Forniti chiarimenti sugli aspetti fiscali della donazione di immobili presenti nel territorio italiano a favore di un cittadino italiano residente in Danimarca (Agenzia Entrate – risposta n. 464/2019).

Per il cittadino italiano residente in Danimarca, posto che la donazione ha ad oggetto beni immobili siti in Italia, trova applicazione la legislazione italiana in materia di successioni e donazioni e nessuna imposta deve essere pagata in Danimarca.
Tuttavia, se il valore complessivo dei beni non supera lo scaglione di 1.000.000 di euro, gli atti di donazione non sconteranno alcuna imposta di donazione, ma soltanto la eventuale imposta di registro fissa e le imposte ipotecarie e catastali pari al 2% e 1% del valore dell’immobile.

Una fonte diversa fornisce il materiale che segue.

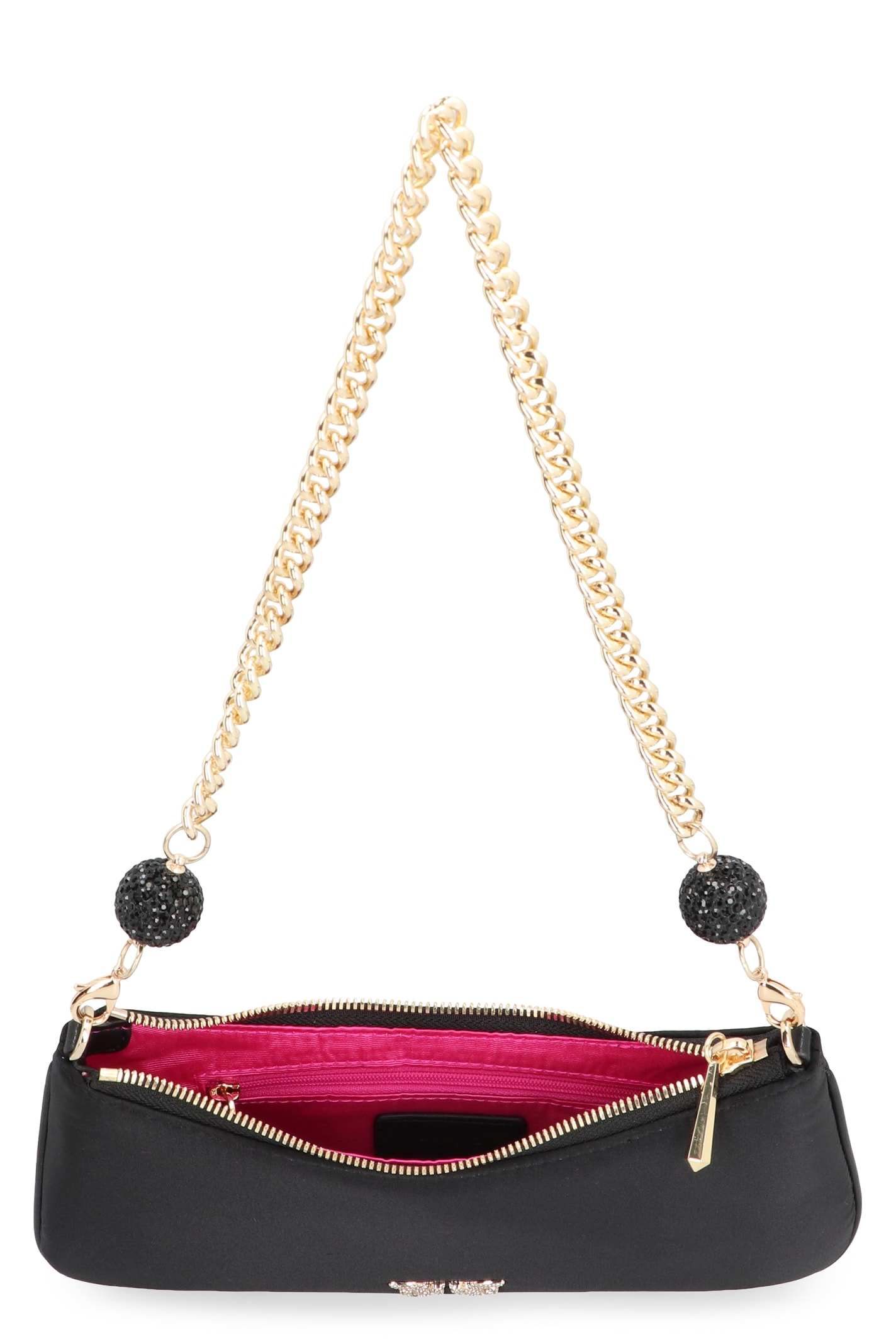 PINKO ARTHEMIS SATIN SHOULDER BAG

Per le donazioni di “prima casa” valgono le stesse agevolazioni concesse per le successioni e le vendite; pertanto, le imposte ipotecaria e catastale sono applicate nella misura fissa di € 200.


In materia di tassazione dei redditi prodotti dai beni immobili siti in Italia e acquisiti a seguito di donazione, il cittadino non residente è tenuto a corrispondere l’imposta sul reddito e a presentare la dichiarazione dei redditi come soggetto non residente, a meno che l’imposta non sia dovuta, se alla formazione del reddito complessivo concorrono soltanto redditi fondiari di importo complessivo non superiore a 500 euro e semprechè non ricorrano le ipotesi in cui l’Irpef sia sostituita dall’imposta municipale propria (IMU).